Within a two-week span last month, Hezbollah Secretary General Hassan Nasrallah addressed “his” constituency twice. On January 15, he was the focus of a lengthy and wide-ranging television interview. His next oration followed the Quneitira and Shebaa “episodes,” the first of which pitted Israel against Iran on Syrian territory, and the second on a disputed stretch of Lebanese/Syrian territory occupied by Israel. In both cases, however, Hezbollah served as the “messenger.”
During Nasrallah’s first interview, he answered a theoretical question about Hezbollah’s popularity within the Shia milieu by referencing a poll conducted by Hayya Bina. His second public presentation was far more nuanced, as the unfolding situation forced Hezbollah to juggle calculation with violence. It also convinced him to sell that bloody cocktail to “his” Shia constituency. In general, the Quneitira-Shebaa episodes represented a particularly difficult test for Hezbollah, the domestic policy of which consists largely of maintaining its self-proclaimed “divine” status—which it wields as it pleases to win and retain the hearts and minds of its increasingly exhausted “lapping environment.”
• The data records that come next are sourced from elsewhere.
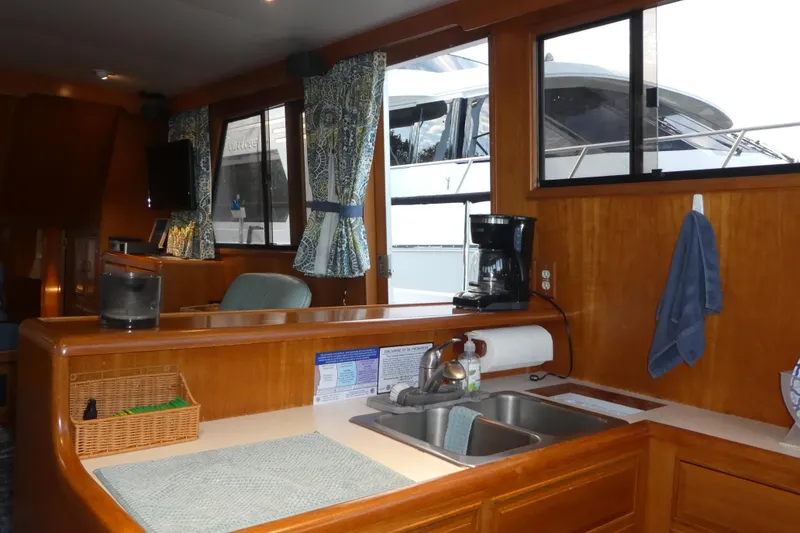 Slide: The Image of Interior of 1992 Ocean Alexander 456 Classicco yacht with kitchen and window view. - 7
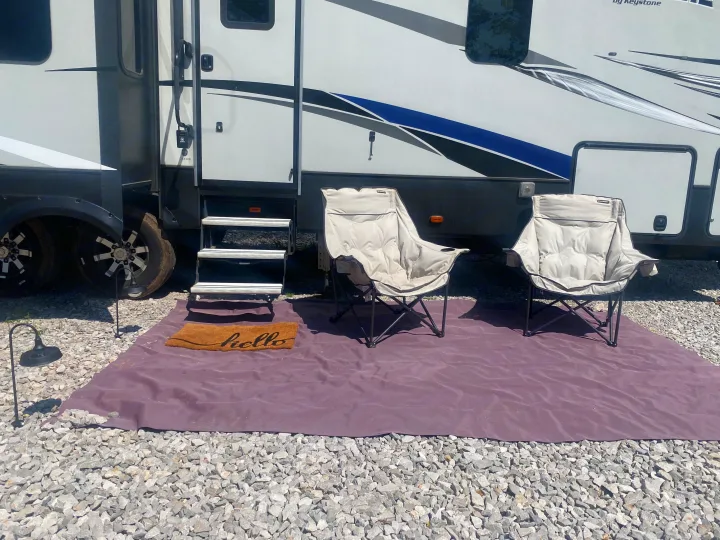 This RV rental features a comfortable outdoor setup with two padded chairs, a purple mat, and a 'hello' doormat on gravel.. Keystone RV Avalanche 2017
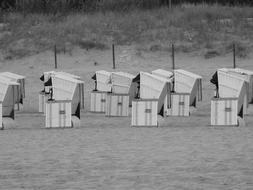 beach chairs on the sand in black and white background
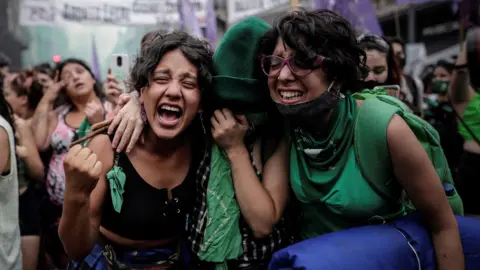 Women supporting the legalisation bill celebrate the vote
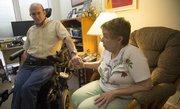 Ron Light sits with his sister Sue Richardson who spends a lot of time with Ron at Pioneer Ridge. Light moved from Albuquerque to Lawrence to be closer to his sister.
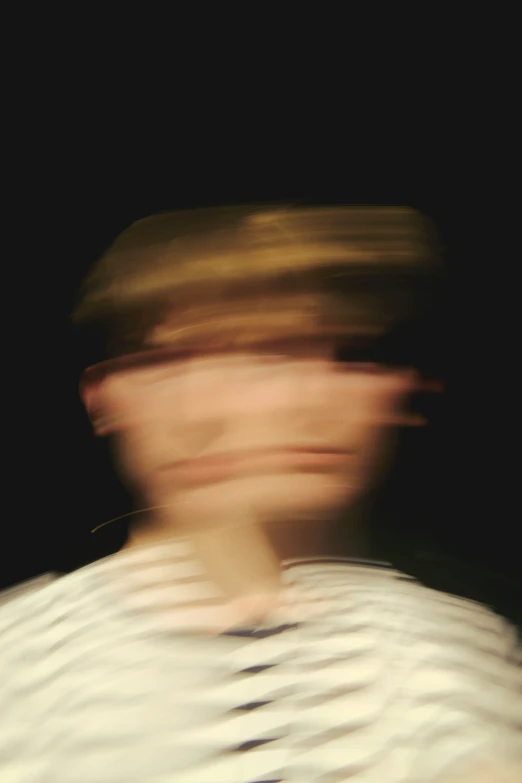 blurry picture of a person playing with a baseball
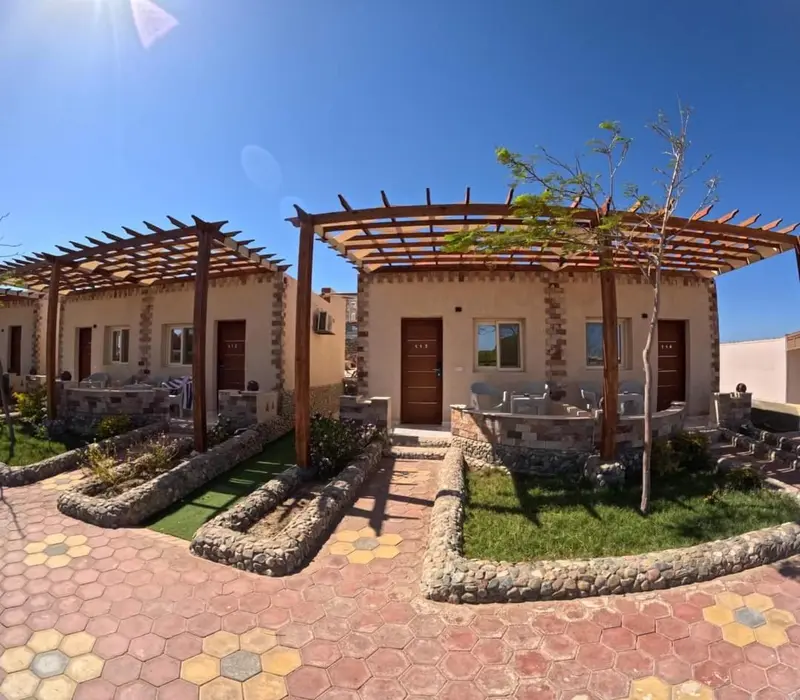 Petites maisons beiges avec des pergolas en bois et des jardins soignés.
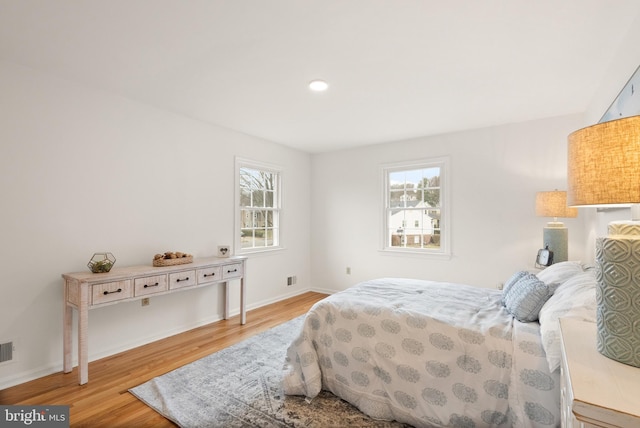 bedroom featuring multiple windows and light hardwood / wood-style floors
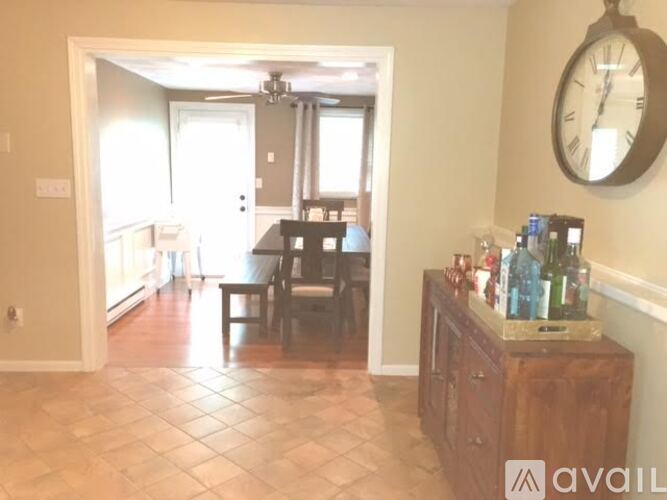 A living room with a dining table and chairs.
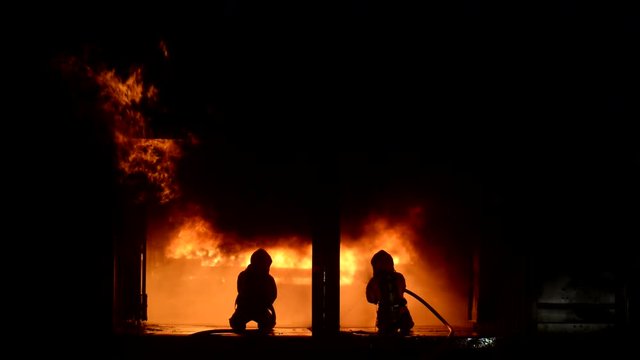 Firefighters spraying water to put out a brutal fire inside the building.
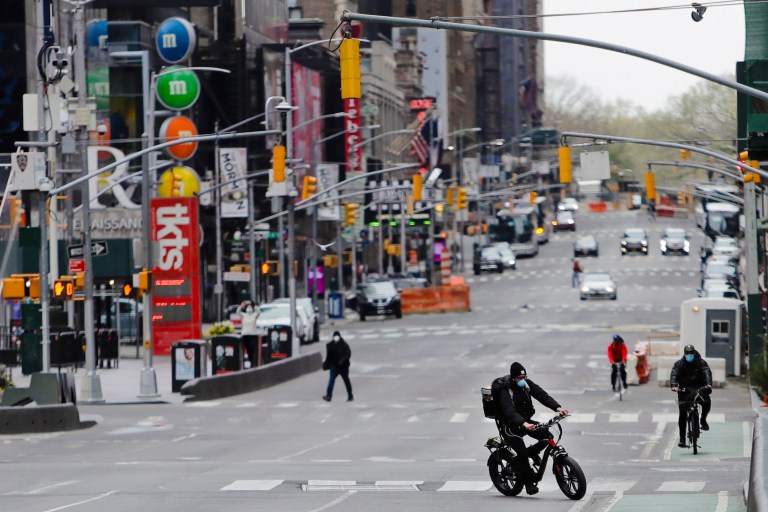 Pedestrians and cyclists move through Times Square Friday in New York. New York City streets are largely empty as people continue to stay at home to prevent the spread of COVID-19.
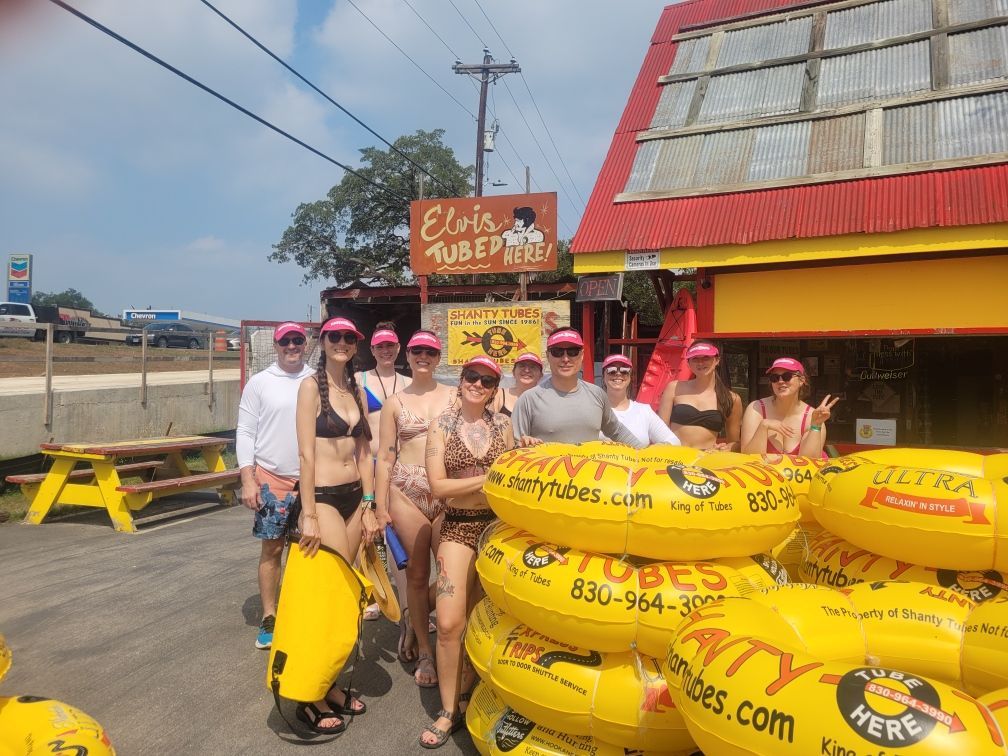 A group of people posing for a picture in front of elvis tuesday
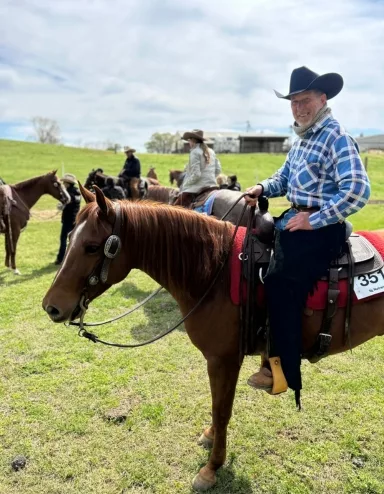 ken sharpe sitting on horse smiling
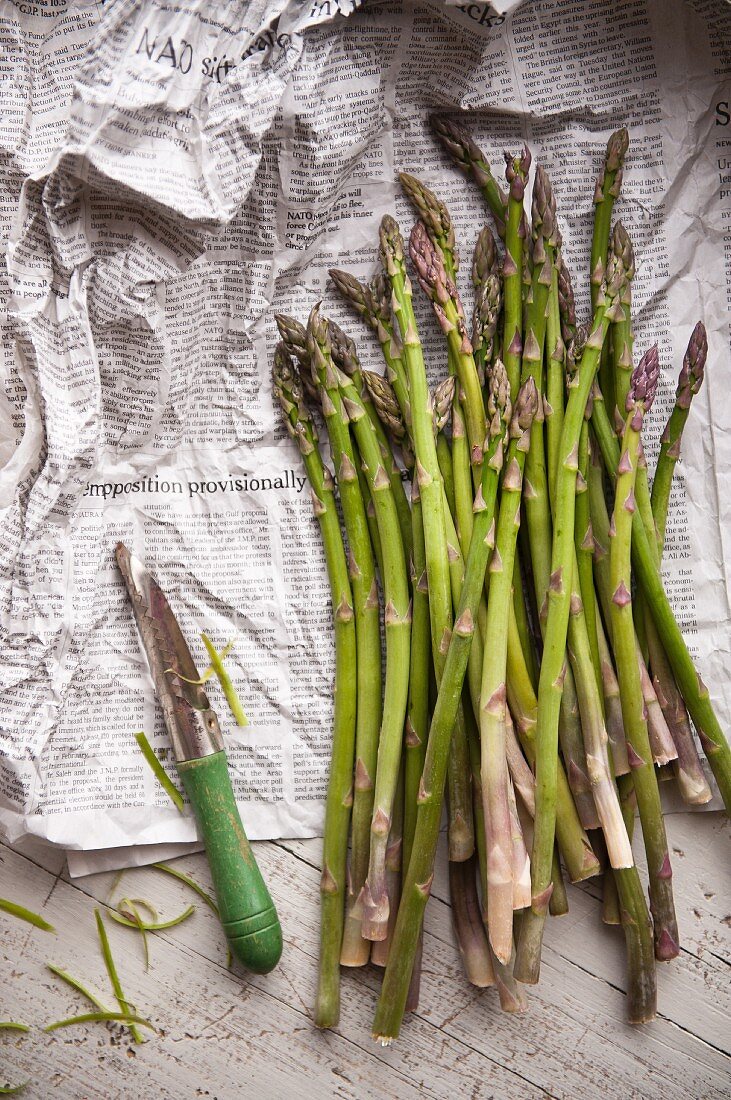 Green asparagus and a peeler on newspaper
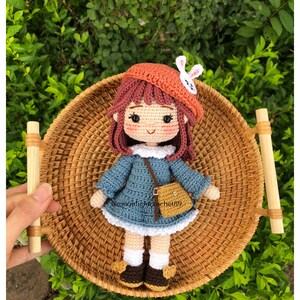 May include: A crocheted doll wearing a blue dress, a brown hat with a white bunny ear, and brown shoes. The doll is holding a brown purse and is sitting in a wicker basket.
While most of the comments on Nasrallah’s post-retaliation speech focused on his threat that Hezbollah no longer considers itself bound by any “rules of engagement,” this edition of ShiaWatch tackles this newest current event from a different perspective. Here, we take the position of Lebanon’s Shia community and wonder generally if, considering it is already at war in Syria, it is truly keen on engaging in another “divine” military engagement. If not, why did it need Hezbollah to score this symbolic “feat of arms?” Clearly, Hezbollah has turned the affront represented by the Quneitira incident into a zero-sum game.
Clearly, the Hezbollah/Israel standoff is simply one game among others in which Hezbollah is involved. Were this particular contest to end honorably, then those being played out on other battlefields, particularly in Syria, could see different outcomes. The developments that have followed the Quneitira-Shebaa episodes, whether in Damascus or along the Lebanese/Syrian border, certainly deserve as much consideration as the standoff mentioned above. Ultimately, we should all take heed of the warning given by renowned Arab poet al-Mutanabbi who observed, “A man can never gain everything he hopes for: Winds blow contrary to what ships wish.”